This just in from the Deadwood, SD bureau of the Constant Conservative:
July 16, 2009
With the probable passage of HR 1018 (AKA the “Horses are People, Too Act) it would appear that things on the western plains are about to take a big step backward. Though these days one is more likely to see four-wheelers moving cattle about in this part of the world than actual mustangs, the EPA and BLM (in conjunction with the HHA, VA, HUD and all other federal agencies containing horse-lovin’ bureaucrats) have determined that roughly 1/4th of South Dakota is to be set aside for the preservation and procreation of the wild American Mustang. This would cover most of what is commonly called “West River” outside of the reservations. (At present, it is not known if Mt. Rushmore would be included in this set-aside or if adding a horse’s head to the monument would suffice.)
Upon further questioning, this reporter was able to determine that just under 100% of the people who are planning to vote for this bill have never seen a live mustang in person. Nancy Pelosi, who stated that “for a disadvantaged portion of our population, this bill will be as essential as universal health care” mentioned that she had once seen some horses while she was touring the back lot of the studio which was filming “Brokebank Nation.” When asked if the bill meant that those horses might need to move to South Dakota, she replied that the horses would “only move to South Dakota if that was what was in the public interest.” When questioned further about whether this was not the same approach which was used in reference to American Indian populations of a century ago, she said something about it being totally different and besides horses had been treated unfairly for far longer.
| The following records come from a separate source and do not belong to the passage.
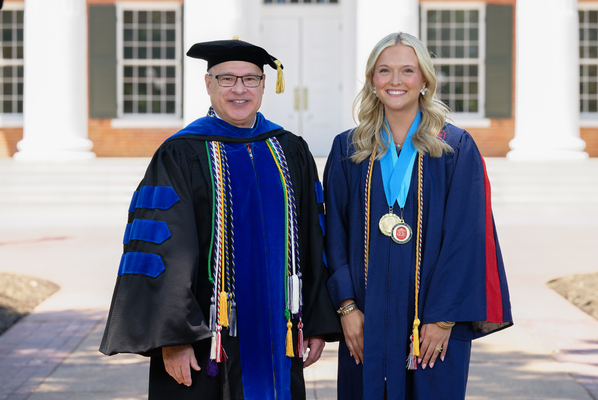 Image of Provost Noel Wilkin and class marshal Sidney Brooke Zinda in graduation regalia.

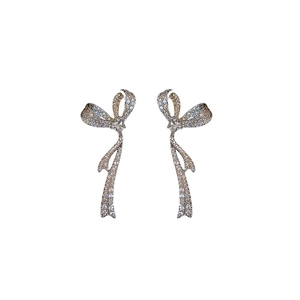 Sparkling zircon bow tassel earrings in silver finish with elegant dangling crystal chains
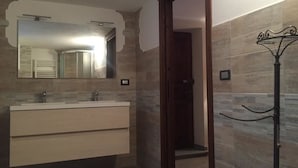 A bathroom with a modern vanity, a large mirror, and a shower area.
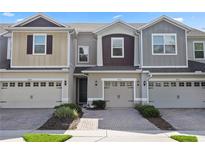 Charming townhome featuring a two-car garage, brick driveway, and beautifully landscaped front yard at 4733 Cliveden Loop, Sanford, FL 32773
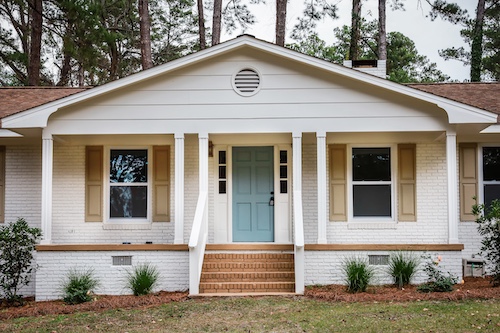 The front exterior entrance of a newly painted white siding brick ranch style house with a large yard that has been recently renovated.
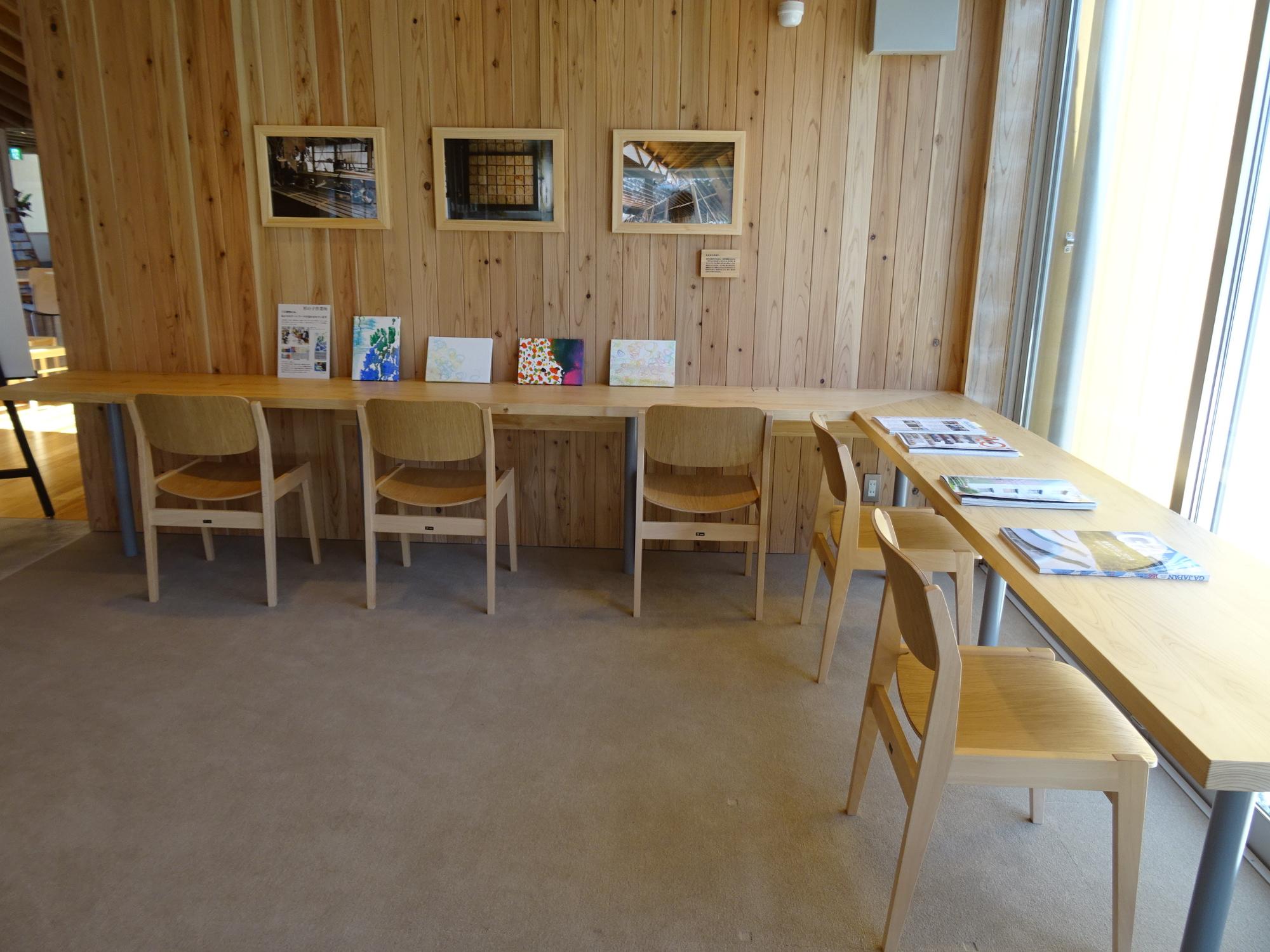 木の壁に沿って机と椅子が並べられ作品や資料が展示された学習スペースを写した写真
Meanwhile, here in the western part of the state which was known back in about 1875 as a place to win it big in the gold rush, and once again just a few months ago as a place to win it big in Powerball, life continues as before. Some of the old-timers remember when there were quite a number of mustangs, but are also wondering just which areas are going to be designated for what the locals are calling the “horse reservation.” While Ted Turner is known to have quite a large tract of land (some 20,000 acres) this would hardly be enough to handle the government buildings which are expected to fill up with horse wranglers, horse doctors, horse shrinks, and just about every other kind of horse serviceperson, analyst and assistant one could think of.
In an effort to stop what will probably be the largest eminent domain action in the history of the United States, locals have started the NHIMBY (pronounced “neigh himby”) which stands for “No Horses in My Back Yard.” This organization, due to the power of the internet (and a cash infusion from Neal Wanless) has managed to grow to just over 13,000 members in the last 48 hours. ACORN was contacted to perform some canvassing in support of NHIMBY, but responded that since horses did not vote (no matter how much one watered or fed them) they were not really not interested.
Note: The preceding has been brought to you under the US Constitution’s First Amendment as elucidated in New Times Inc. d/b/a Dallas Observer, et al. v. Bruce Isaacks and Darlene Whitten.